Prayer Can Be ... An Offering

Trinity figures II.

Kirk and I traveled to the Pacific Northwest for a wedding a little over three years ago, and before we flew back home, we had one full day to explore the area. So we trekked over to Whidbey Island, off the coast of northern Washington State, and spent the day there.

While we were exploring the island, we stopped the car overlooking the coast in one particular area, and Kirk got out of the car. When he got back in the car, he had a large, smooth, gray stone in his hand, which he handed to me.

This trip was happening just before I was going to begin a 3-month summer of solitude dedicated to the study of nonviolence. And this stone, we both knew, had something to do with that.
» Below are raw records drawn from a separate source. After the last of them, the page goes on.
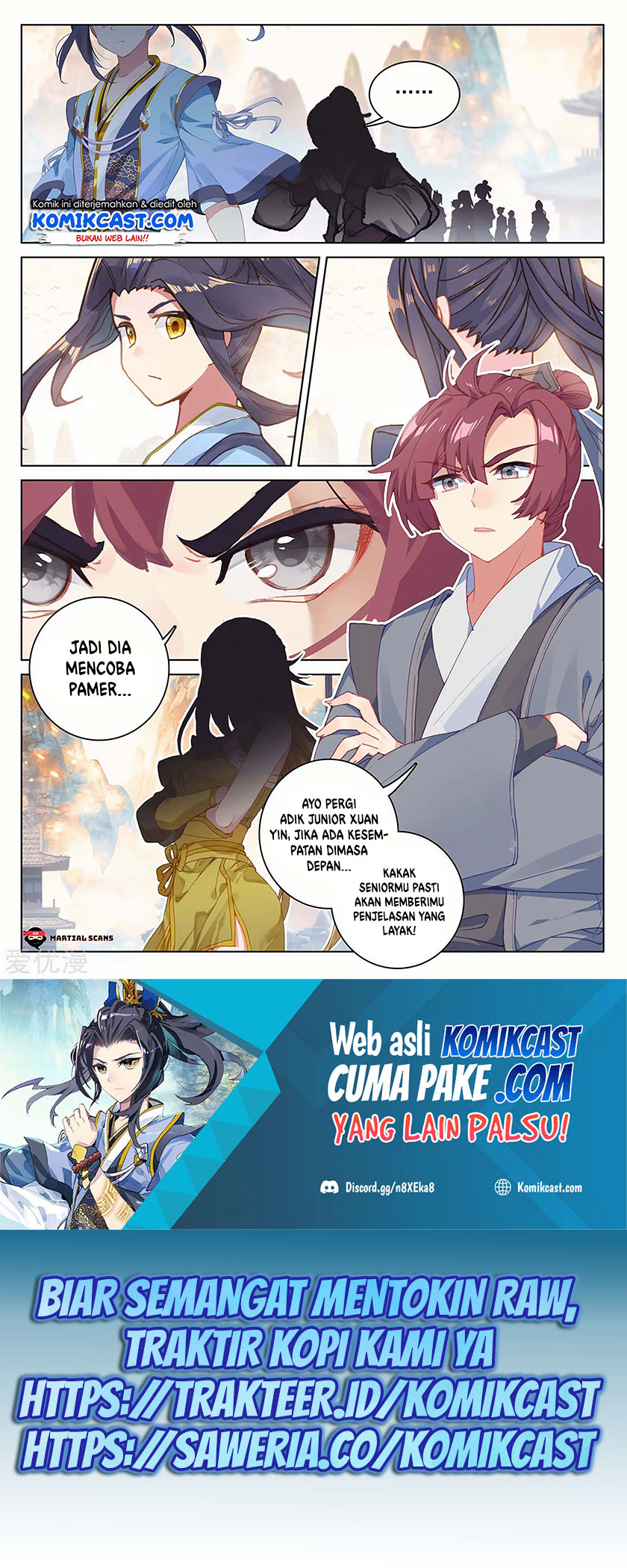 Yuan Zun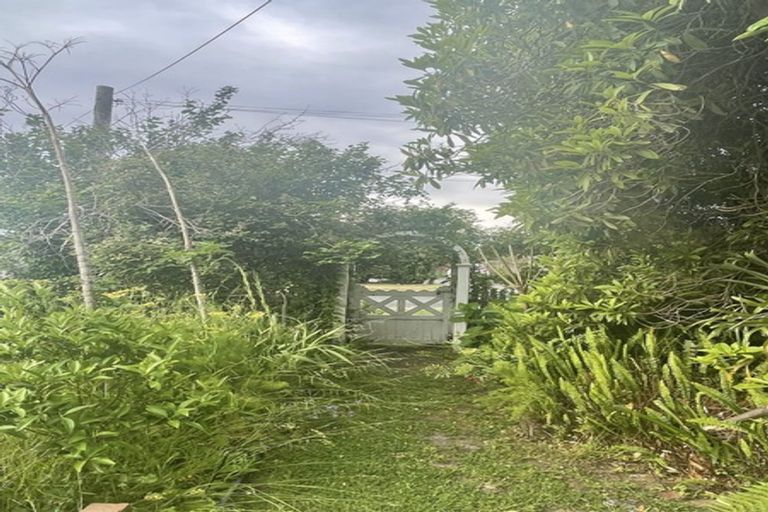 Photo of property in 82 Lucknow Street, Wairoa, 4108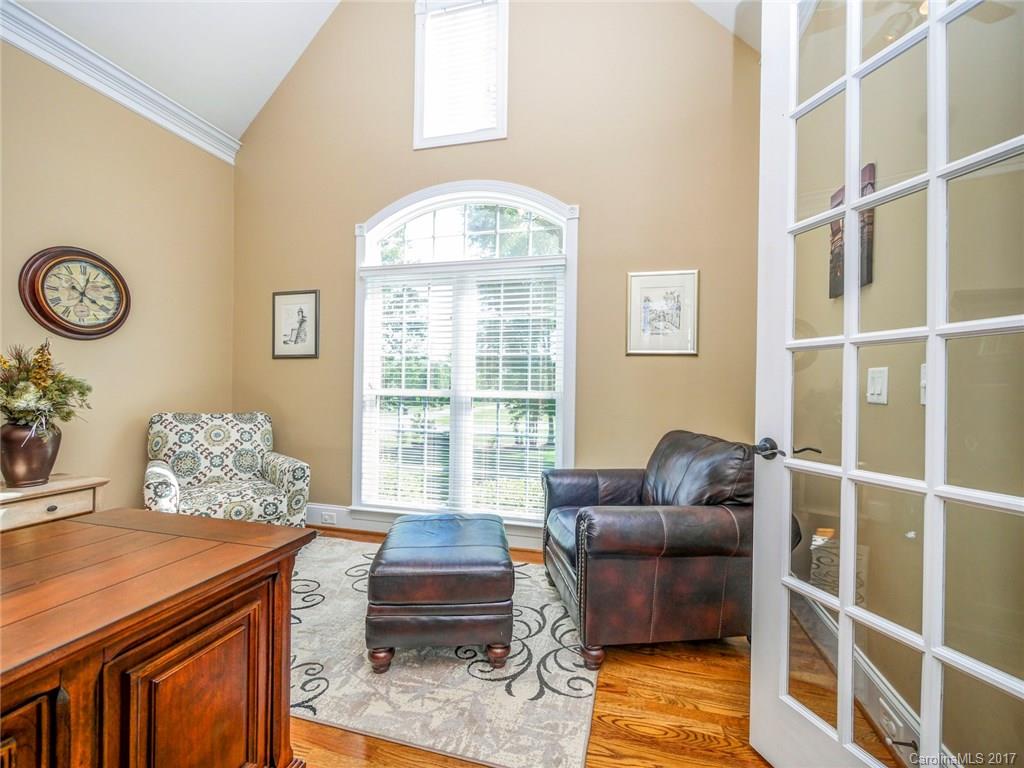 Carolina Coves - Residential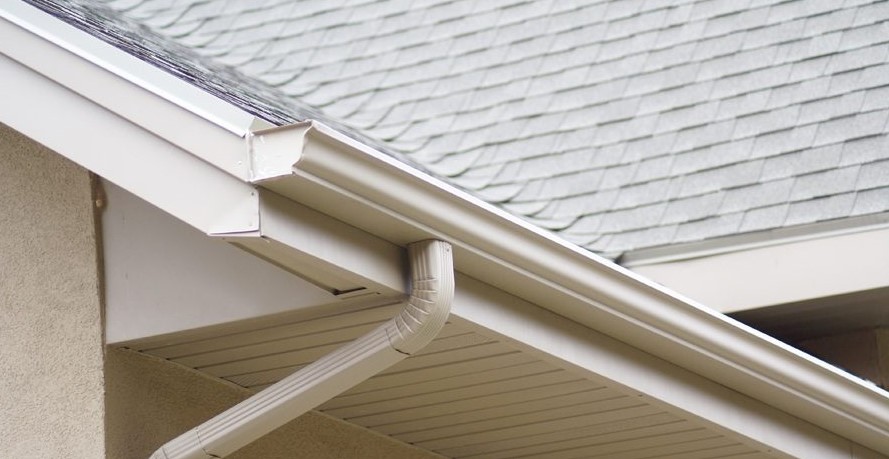 popular gutter styles in Dayton, OH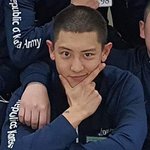 박찬열 <b>군대사진</b>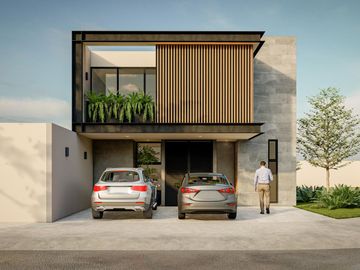 Casa en Venta Lomas del Molino V, León, Gto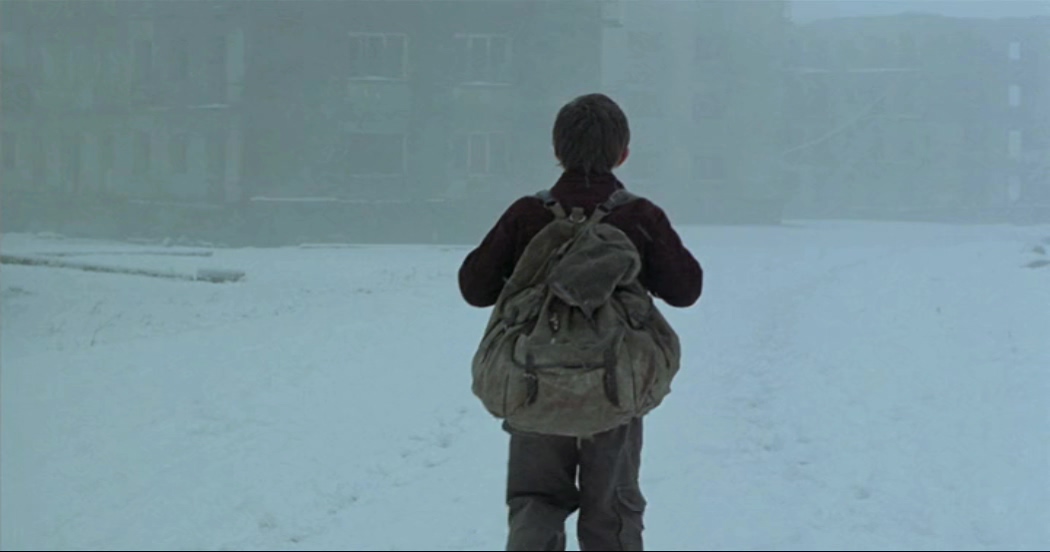 《岸的另一边》剧照第32张图片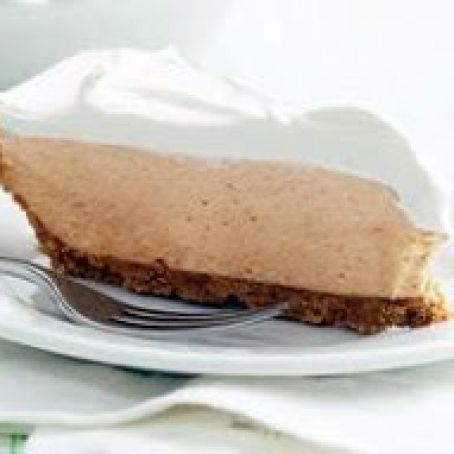 NUTTER BUTTER Frozen Peanut Butter Pie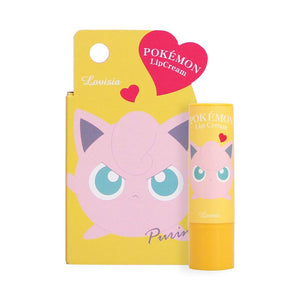 Pokemon lip cream pudding 4g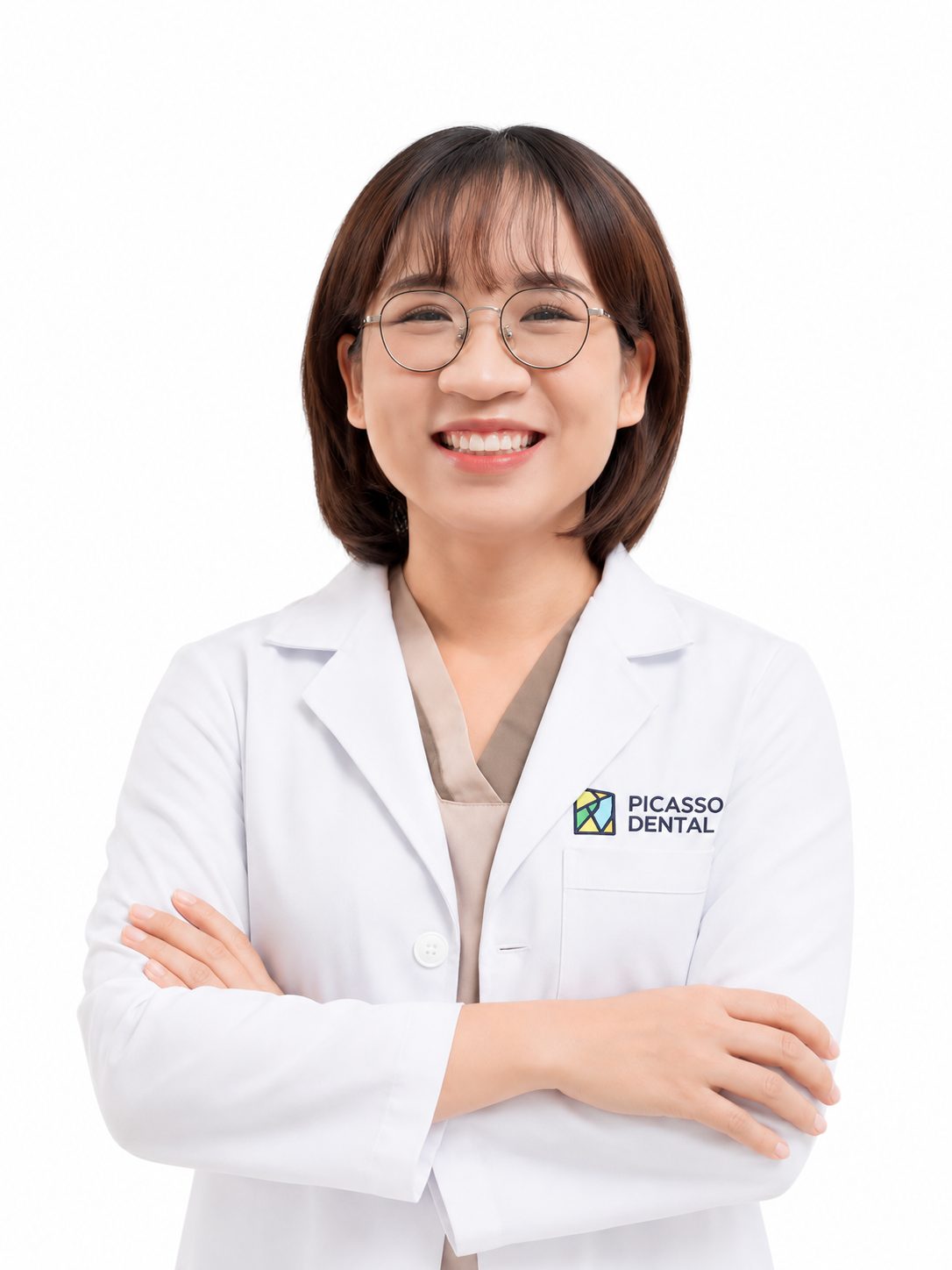 Dr. Nhung Duong (Dr. Lynn), General Dentist and Prosthodontics at Picasso Dental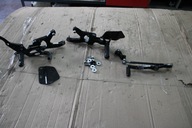 Sety Regulowane Przednie Lieb Carbon Yamaha R1 RN19 07-08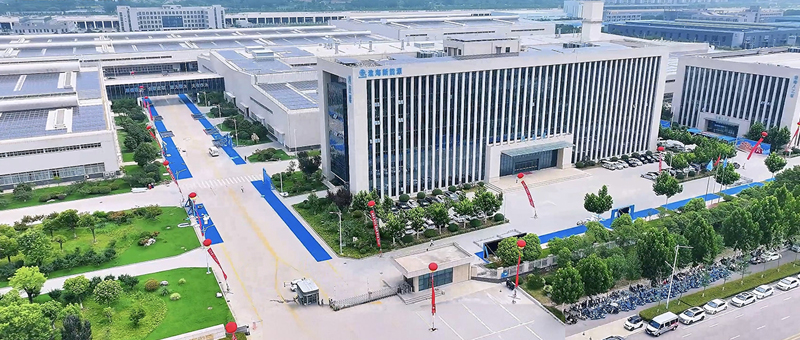 排名更新！江苏制造业百强第68位！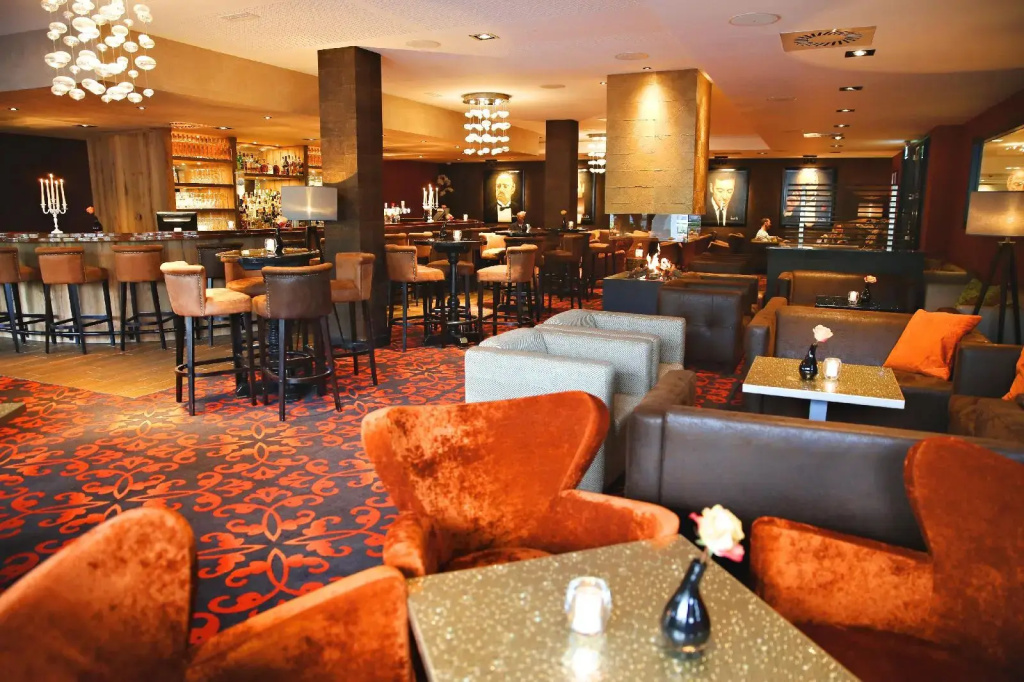 Van Der Valk Hotel Akersloot - Général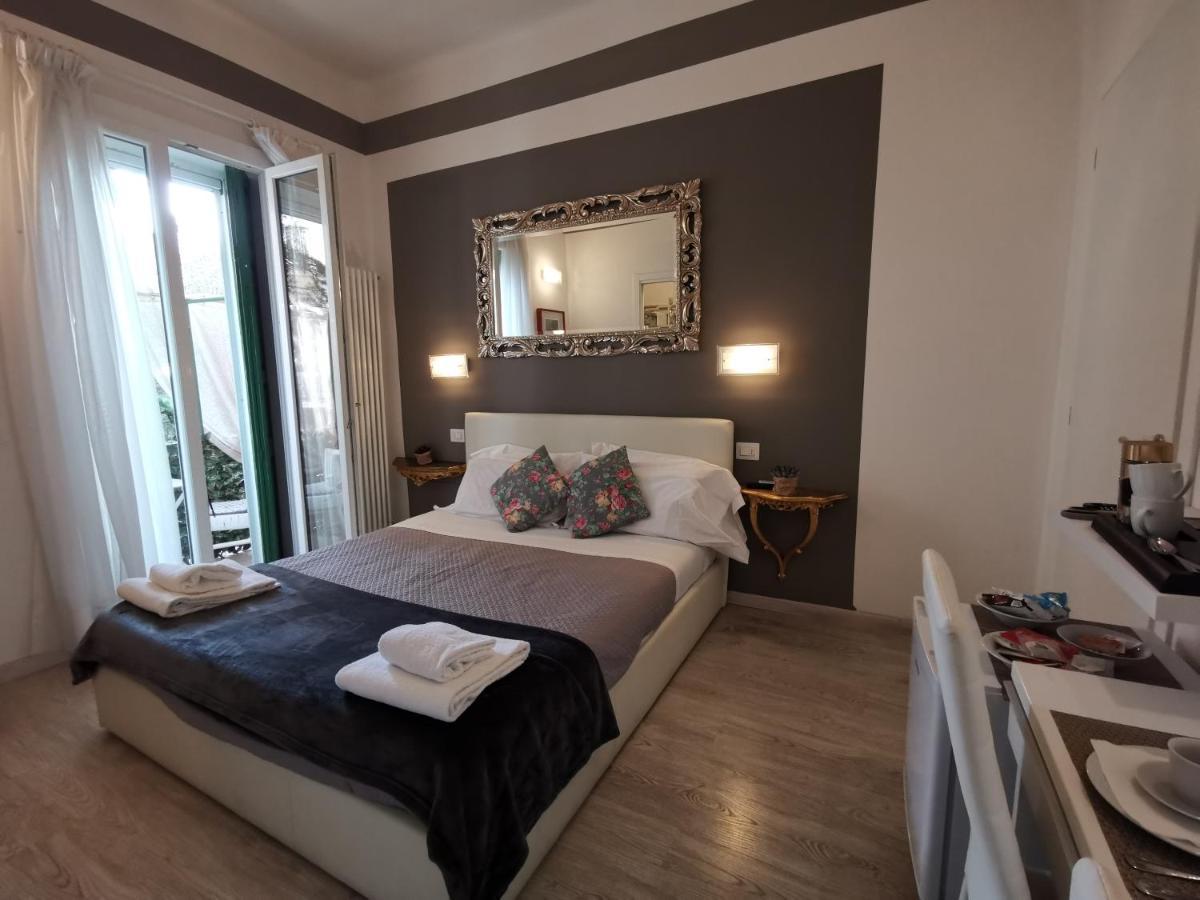 Guesthouset La Stanza Di Giulietta Verona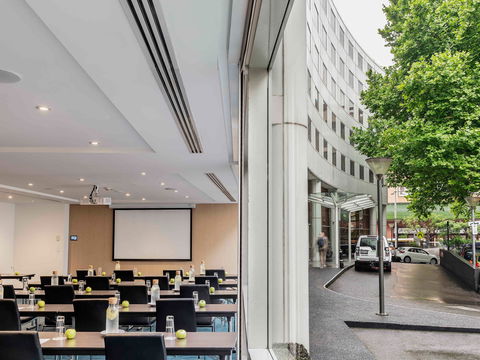 Novotel Sydney Darling Square - Tourism Hervey Bay 10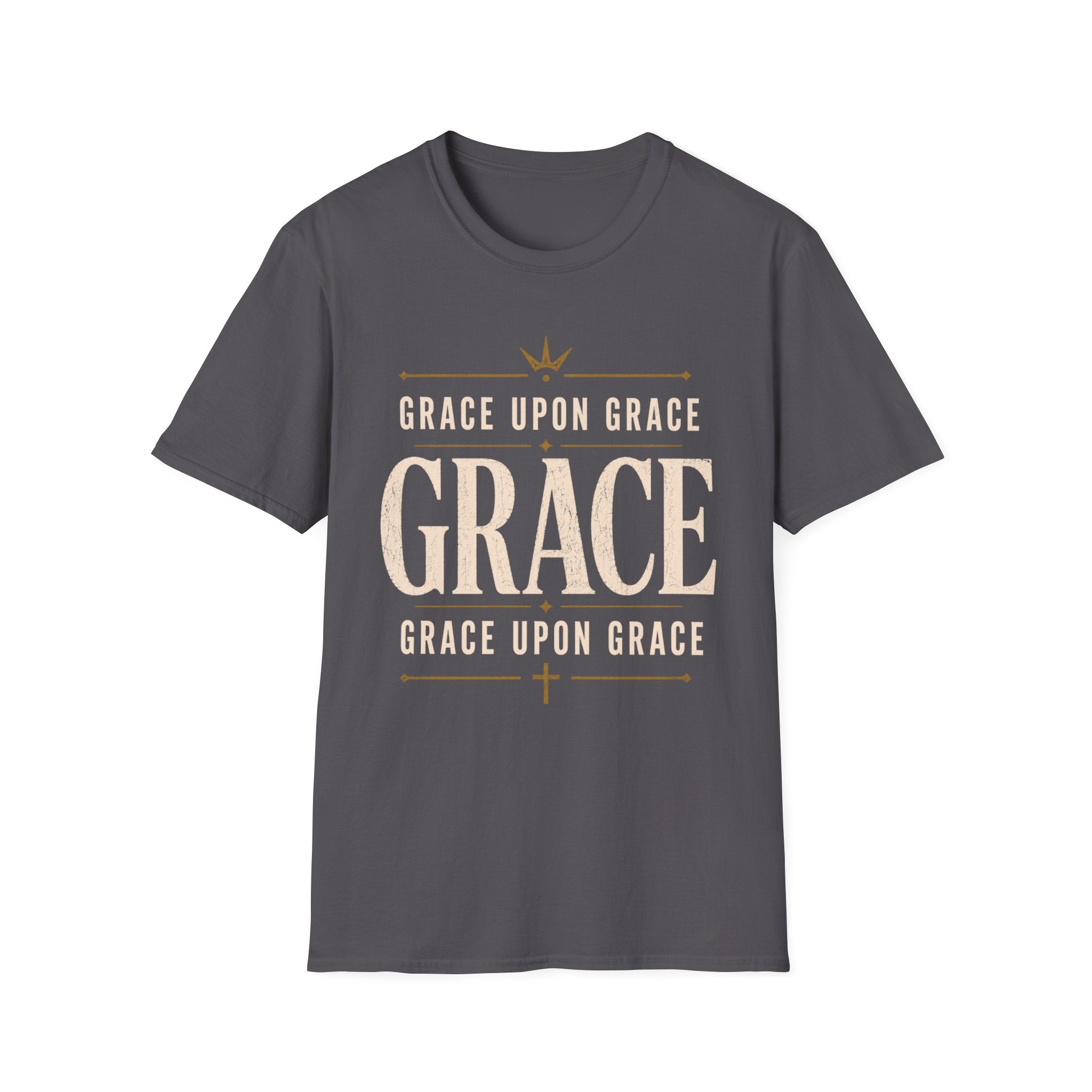 Grace Upon Grace T-Shirt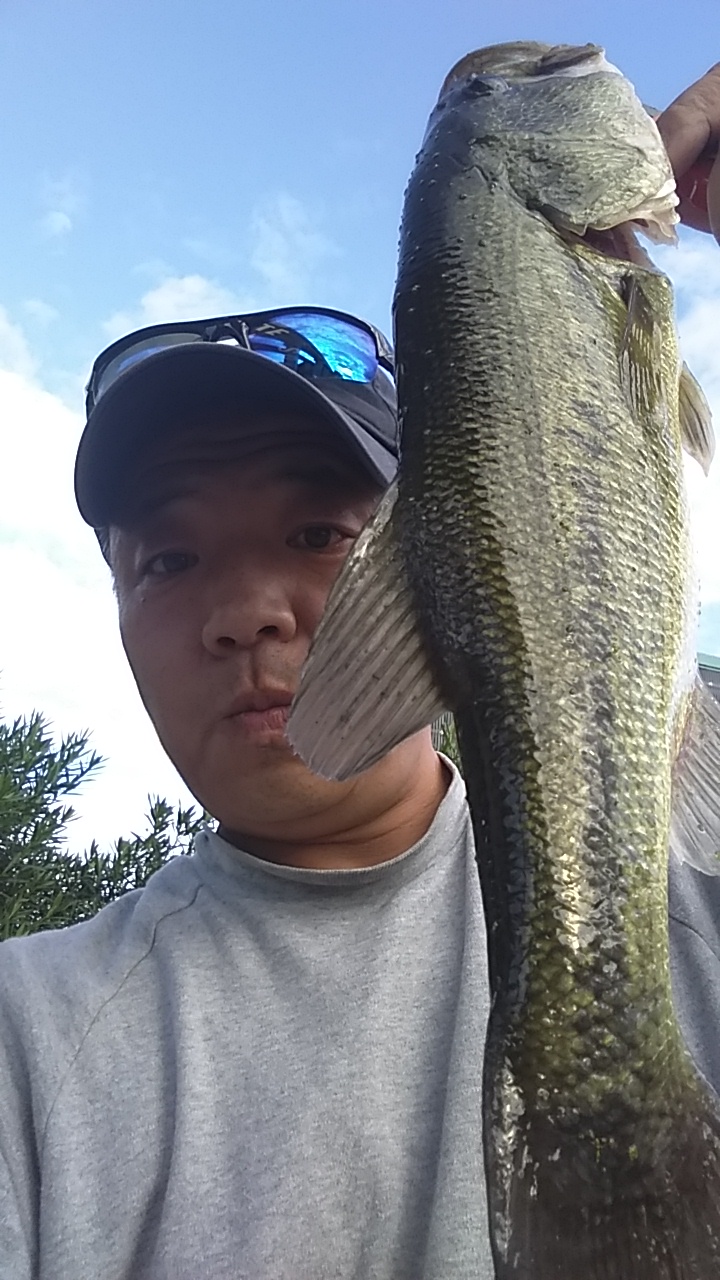 姫路BASSER　姫路バス釣り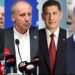 Cumhurbaşkanı adaylarının oy pusulasındaki yerleri belli oldu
It was a prayer rock in some way.

When we got home from the trip, I placed the stone on top of a Trinity fixture, which you see pictured above, which sits in a corner of my desk. I placed the stone there and just sat there looking at it, letting it be a kind of offering to God.

It was the offering of the summer of solitude about to begin and whatever words might emerge from it. 

It was the offering of my trust in God for those three months and their result. 

It was an offering of acknowledging that my doing what I was about to do in those three months — and anything I did as a result of them — was simply a response to God’s invitation in my life in the first place. 

Objects can be offered up as prayer. 

Have you ever experienced something like this?